In a month I’m turning 30. This is a huge step for me, because when I was a teenager I was sure I would commit suicide before turning 30. My 20’s were okay, but learning to live with a disability like manic depression kicked the shit out of some of my fun.

I’m seriously considering Burning Man this year, but I’m not sure I’ll have the cash to go. I really really want to though, because I’ve never been.

I’m getting some new piercings soon. I’m going to pierce my lip and get my hood repierced. I’m excited about that. I always liked my hood piercing, it was a very pleasureable part of my life, except for when it would twist itself in my pants and leave me screaming to the bathroom.

I’ve realized I have to renew my committment to blogging. I haven’t been a very good blogger this year, mostly because I was in recovery for much of 2007. God, except for one sexy thing that happened, 2007 was a bad year for me. Manic episodes pretty much write off a year of your life. Bleh!
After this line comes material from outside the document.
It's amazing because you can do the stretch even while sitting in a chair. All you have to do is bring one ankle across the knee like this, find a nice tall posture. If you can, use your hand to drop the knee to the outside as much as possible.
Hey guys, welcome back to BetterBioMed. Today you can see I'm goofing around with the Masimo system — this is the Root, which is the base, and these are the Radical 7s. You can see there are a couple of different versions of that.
My cousin had a manic episode this past month and ended up in the hospital. She’s doing loads better though, and I’m proud of her for accepting her diagnosis and working on it. It’s hard to accept being bipolar because it automatically means your life is kinda up in the air all the time.
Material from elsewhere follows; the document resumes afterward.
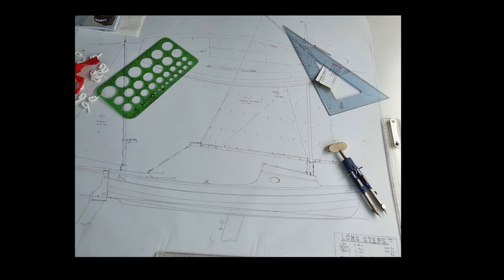The next boat in the evolution of dinghy cruising is the Long Steps. This adventure boat draws on the Walkabout for hull design, the Scamp for features, all combined with a focus on integrating rowing in a practical way.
As for me, the meds are working even better than before my episode. My psychiatrist is great, my psych nurse is great, and I feel like my old self again. I feel like I can have ambition again, and that is sexy.

I’ve always been very ambitious, even as a child. Now I have a fully written screenplay under my belt and am working on a half hour documentary. I’ve been talking to people about my new project and it’s given me some great ideas. I’m thinking of applying to the NFB for funds to travel to Asia and see where the Crees come from. Grampa thinks we did migrate over the Bering Strait because there is a myth about a man following two women over the ice. So I’m going to get him to tell me that story on camera.

I still miss my last girlfriend, she was pretty special. I don’t know what else to say. A manic episode stepped into the way of what was a very sexy special relationship. When I went manic I bought her an engagement ring, we took it back (they were very nice) and got all my money back, then because I was still manic I took that money and bought a keyboard, which is currently laying beside me unplayed, I am selling it off. I should have bought a guitar. Actually I should have paid my rent, but tell that to a manic person.

It was a nice ring too, it had three diamonds and was white gold. It was awesome. I wish I had a diamond ring, but I’d only want one if I was married. And I want to be married. I’m a marrying kind of girl. I can’t even imagine being with someone if there wasn’t marriage in the cards. Apparently bipolar people tend to marry other bipolar people, but that sounds like double the trouble!